CortexJDK presents this new module, Join, as a console application with two command-line arguments and a program description. Run without any arguments, the following output is generated:

$ java -jar dist/cortexjdk.jar Join
I [2019-07-15 11:36 8258] CortexJDK 0.4-29aad; (repo) 2019-07-15 11:05:28 -0400; (build) 2019-07-15 11:36:49 -0400
I [2019-07-15 11:36 8258] java -Xmx4g -jar cortexjdk.jar Join
I [2019-07-15 11:36 8258]

Usage: java -jar cortexjdk.jar Join [arguments]
Dynamically merge N lexicographically sorted graphs into a single graph
 -g,--graph <arg>    Graph [can be specified more than once]
 -h,--help           Show this help message
 -o,--output <arg>   The output file [default: /dev/null]

The first argument, --graph (or -g), accepts one or more graph files (as determined by the argument's type, ArrayList<CortexGraph>). The second argument, --output (or -o), are the default names for any variable annotated as @Output rather than @Argument (which helps to enforce a level of command-line argument consistency among the tools, although the names can be explicitly set as well, as is often necessary with programs having multiple outputs).

The CortexCollection object handles the process of merging N lexicographically-sorted lists without loading everything into memory (it advances file pointers on each list, dynamically merging records and presenting them to the developer as if they originated from a single merged graph). From there, merging the graphs is as simple as iterating over every record given by the CortexCollection and adding the record to the CortexGraphWriter object. For good housekeeping, we close() the graph writer before the program exits.

The following command line runs this application:

$ cd <path to CortexJDK repository>
$ ant
$ java -jar dist/cortexjdk.jar Join -g graph1.ctx -g graph2.ctx -o graph_joined.ctx

Example 2 (Contig), annotated and explained

CortexJDK makes traversals on the graphs straightforward as well. The following short program extracts a contig seeded by a single k-mer from all colors of a graph.
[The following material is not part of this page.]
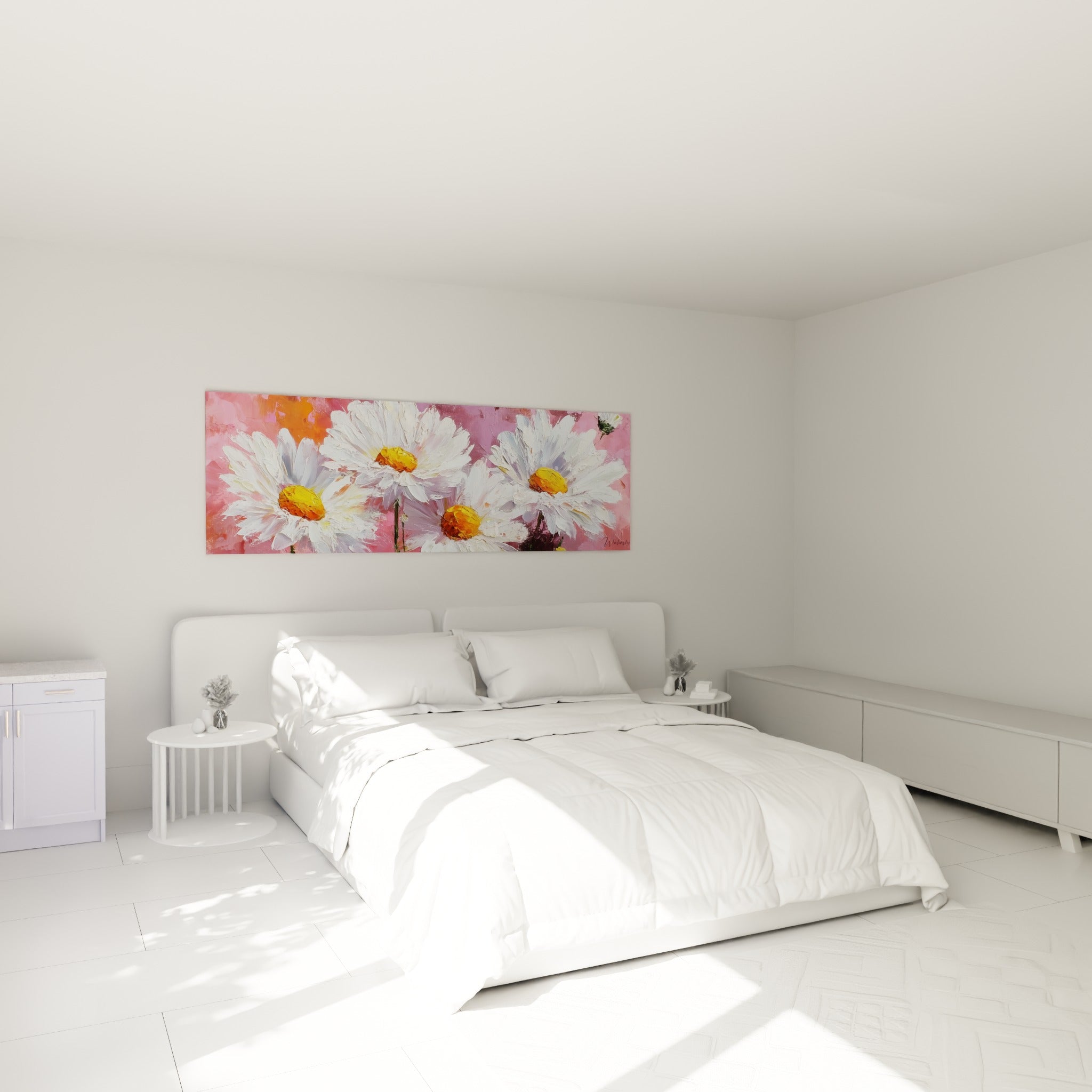 Bouquet de marguerites blanches et jaunes au-dessus d'un lit dans une chambre claire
@Description(text="Extract a contig seeded by a source k-mer from all graph colors")
public class Contig extends Module {
    @Argument(fullName="graph", shortName="g", doc="Graph")
    public CortexGraph GRAPH;                                // take a graph as input and present it as GRAPH

    @Argument(fullName="source", shortName="s", doc="Starting (source) k-mer")
    public String SOURCE;                                    // take a k-mer as input and present it as SOURCE

    @Output                                                  
    public PrintStream out;                                  // write output (by default, to stdout)

    @Override
    public void execute() {
        for (int c = 0; c < GRAPH.getNumColors(); c++) {     // iterate over graph colors
            TraversalEngine e = new TraversalEngineFactory() // configure a traveral engine object
                    .traversalColors(c)                      // - for color 'c'
                    .traversalDirection(BOTH)                // - traverse both directions
                    .combinationOperator(OR)                 // - combine if either direction is successful
                    .stoppingRule(ContigStopper.class)       // - use the rules found here to stop the traversal
                    .graph(GRAPH)                            // - conduct all traversals on GRAPH
                    .make();                                 // - make the final engine

            // use the engine to walk the graph, returning a list of nodes that can be converted to a contig
            String contig = TraversalUtils.toContig(e.walk(SOURCE));

            // output the contig to the console
            out.println(String.format("source: %s color: %d contig: %s", SOURCE, c, contig));
        }
    }
}

Here, we iterate over all colors in the graph, instantiate a TraversalEngine object to be used with each one using the TraversalEngineFactory for easy configuration. We then walk the graph in both directions starting at the SOURCE k-mer and stopping when the criteria set by ContigStopper are satisfied. We convert the walk to a contig and write it to the output file.